* _WHAT IS EXPECTED_
Lift out, unaltered, the lines of the material below between the line holding "Party Favors PARTY" and the line holding "Hračka ZIPPY PAWS", counting both.

=== Section Start ===

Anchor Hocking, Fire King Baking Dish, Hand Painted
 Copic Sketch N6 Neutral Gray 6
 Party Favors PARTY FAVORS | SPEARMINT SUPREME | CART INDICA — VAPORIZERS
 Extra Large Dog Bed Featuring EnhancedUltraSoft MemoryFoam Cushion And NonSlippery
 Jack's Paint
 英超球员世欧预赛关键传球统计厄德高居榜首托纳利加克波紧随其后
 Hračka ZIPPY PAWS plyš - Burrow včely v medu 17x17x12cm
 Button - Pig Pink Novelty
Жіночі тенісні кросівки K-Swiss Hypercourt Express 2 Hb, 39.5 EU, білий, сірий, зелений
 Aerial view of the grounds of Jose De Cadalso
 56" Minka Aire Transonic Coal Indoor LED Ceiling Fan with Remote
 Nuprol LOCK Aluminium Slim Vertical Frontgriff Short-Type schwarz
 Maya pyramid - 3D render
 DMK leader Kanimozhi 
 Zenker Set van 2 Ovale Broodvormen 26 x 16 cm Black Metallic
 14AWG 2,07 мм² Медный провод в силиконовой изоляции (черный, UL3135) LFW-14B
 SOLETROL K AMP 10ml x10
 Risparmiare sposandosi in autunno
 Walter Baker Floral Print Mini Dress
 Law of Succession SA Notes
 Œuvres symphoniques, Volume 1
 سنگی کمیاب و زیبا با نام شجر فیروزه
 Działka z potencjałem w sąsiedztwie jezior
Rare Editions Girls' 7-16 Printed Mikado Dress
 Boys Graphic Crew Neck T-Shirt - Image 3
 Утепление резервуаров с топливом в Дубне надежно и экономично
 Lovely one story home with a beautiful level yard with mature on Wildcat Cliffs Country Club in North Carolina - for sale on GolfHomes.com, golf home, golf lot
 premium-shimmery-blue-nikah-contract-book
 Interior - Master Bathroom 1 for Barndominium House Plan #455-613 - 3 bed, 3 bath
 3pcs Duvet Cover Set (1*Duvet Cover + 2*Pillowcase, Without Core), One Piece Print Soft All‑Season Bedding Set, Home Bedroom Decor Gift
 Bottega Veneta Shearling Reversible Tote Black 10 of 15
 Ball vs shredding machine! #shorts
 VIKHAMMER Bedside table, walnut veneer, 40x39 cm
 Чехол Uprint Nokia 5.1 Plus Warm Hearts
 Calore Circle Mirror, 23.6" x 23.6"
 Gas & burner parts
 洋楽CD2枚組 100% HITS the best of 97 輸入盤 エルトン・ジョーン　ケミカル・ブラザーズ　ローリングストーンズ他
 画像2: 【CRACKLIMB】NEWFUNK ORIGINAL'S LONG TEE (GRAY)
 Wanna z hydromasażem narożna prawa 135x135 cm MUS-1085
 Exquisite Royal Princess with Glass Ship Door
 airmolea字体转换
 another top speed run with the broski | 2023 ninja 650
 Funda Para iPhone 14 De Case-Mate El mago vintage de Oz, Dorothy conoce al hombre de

=== Section End ===

* _FINISHED EXERCISE_
 Party Favors PARTY FAVORS | SPEARMINT SUPREME | CART INDICA — VAPORIZERS
 Extra Large Dog Bed Featuring EnhancedUltraSoft MemoryFoam Cushion And NonSlippery
 Jack's Paint
 英超球员世欧预赛关键传球统计厄德高居榜首托纳利加克波紧随其后
 Hračka ZIPPY PAWS plyš - Burrow včely v medu 17x17x12cm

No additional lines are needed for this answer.